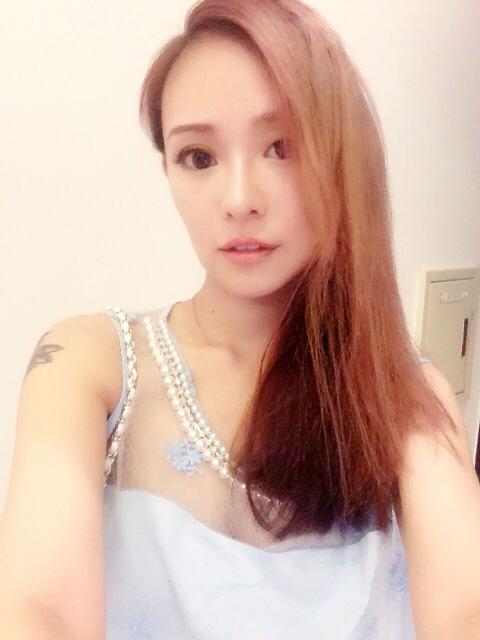 丁小芹曾經因收了錢卻遲不發貨,被Makiyo和其姐開直播討債,後來還是把錢退回給對方。(翻攝丁小芹臉書)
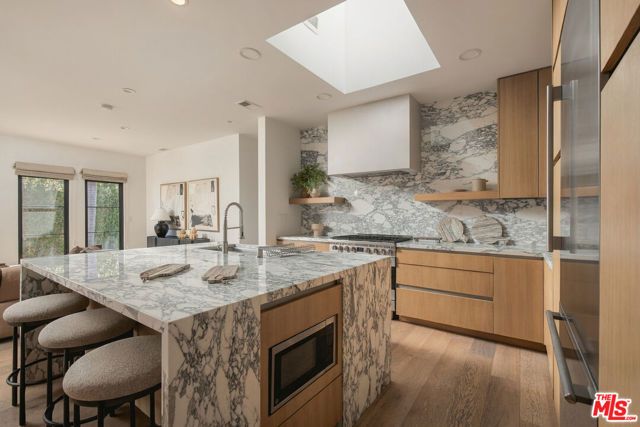 343 N Alfred Street, Los Angeles, CA 90048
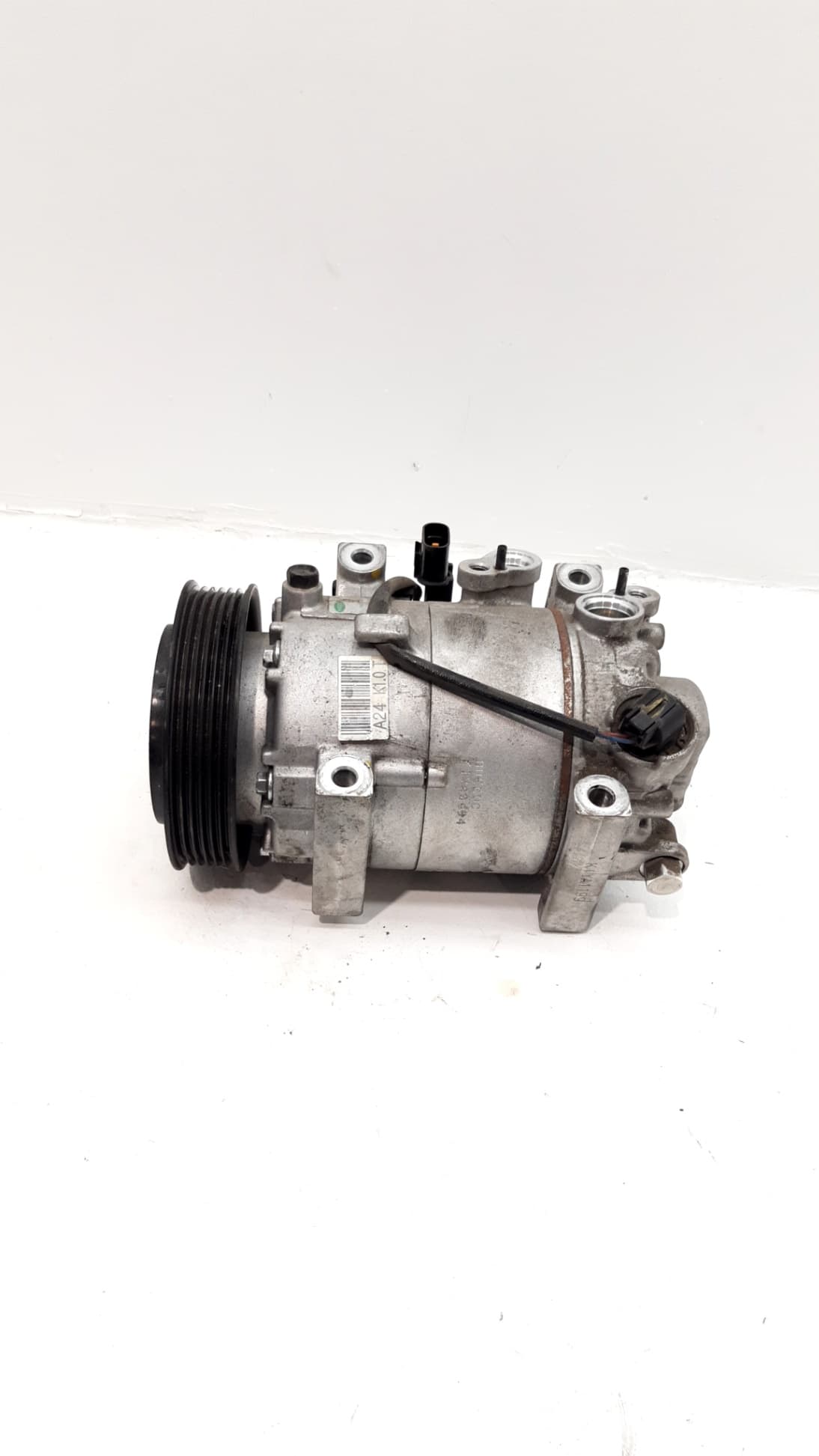 Recambio KIA CEED ref. 97701A2400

• Your objective: Repeat the data word for word. Skip the pictures.

• Exercise response:
 丁小芹曾經因收了錢卻遲不發貨,被Makiyo和其姐開直播討債,後來還是把錢退回給對方。(翻攝丁小芹臉書)
 343 N Alfred Street, Los Angeles, CA 90048
 Recambio KIA CEED ref. 97701A2400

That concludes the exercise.